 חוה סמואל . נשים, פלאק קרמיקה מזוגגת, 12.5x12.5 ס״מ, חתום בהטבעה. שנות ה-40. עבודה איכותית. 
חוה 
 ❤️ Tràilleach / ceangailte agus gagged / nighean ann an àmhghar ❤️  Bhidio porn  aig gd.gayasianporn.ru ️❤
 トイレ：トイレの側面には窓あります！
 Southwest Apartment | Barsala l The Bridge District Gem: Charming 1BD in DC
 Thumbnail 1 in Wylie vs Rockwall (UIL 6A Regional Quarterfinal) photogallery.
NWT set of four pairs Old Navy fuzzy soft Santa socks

- - - -

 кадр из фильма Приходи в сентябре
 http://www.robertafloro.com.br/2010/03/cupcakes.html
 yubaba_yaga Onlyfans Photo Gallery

- - - -

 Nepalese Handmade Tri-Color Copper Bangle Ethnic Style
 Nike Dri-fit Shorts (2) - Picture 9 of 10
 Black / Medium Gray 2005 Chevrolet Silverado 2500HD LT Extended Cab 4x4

- - - -

### TASK TO COMPLETE
Where the listing above has a line with "Nepalese Handmade Tri-Color", start there, and output every line exactly through the line with "Black / Medium", which is also included.

### WRITTEN SOLUTION
 Nepalese Handmade Tri-Color Copper Bangle Ethnic Style
 Nike Dri-fit Shorts (2) - Picture 9 of 10
 Black / Medium Gray 2005 Chevrolet Silverado 2500HD LT Extended Cab 4x4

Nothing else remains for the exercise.